**DATA SHOWN**
● ● ● ● ●

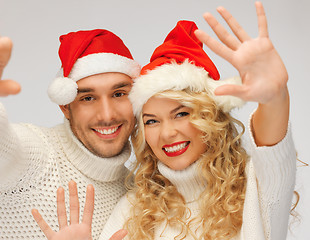 Image showing family couple in sweaters and santa's hats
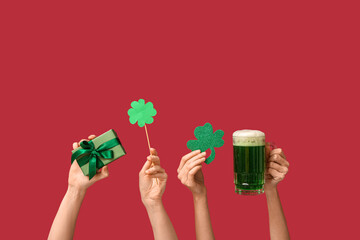 Female hands holding beer, gift box and decorative clovers on red background. St. Patrick's Day...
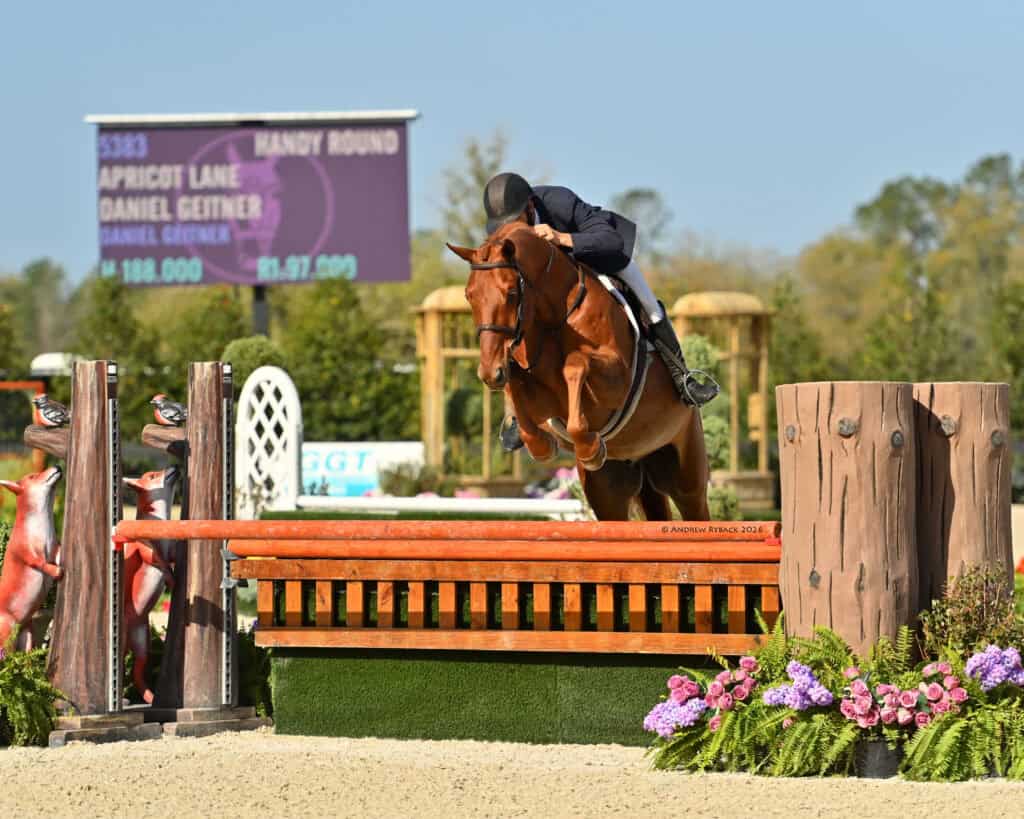 A rider on a horse jumps over an orange fence during an equestrian competition, with a scoreboard visible in the background.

● ● ● ● ●

**YOUR GOAL**
Give back the material above exactly, without pictures.

**SOLUTION BELOW**
 Image showing family couple in sweaters and santa's hats
 Female hands holding beer, gift box and decorative clovers on red background. St. Patrick's Day...
 A rider on a horse jumps over an orange fence during an equestrian competition, with a scoreboard visible in the background.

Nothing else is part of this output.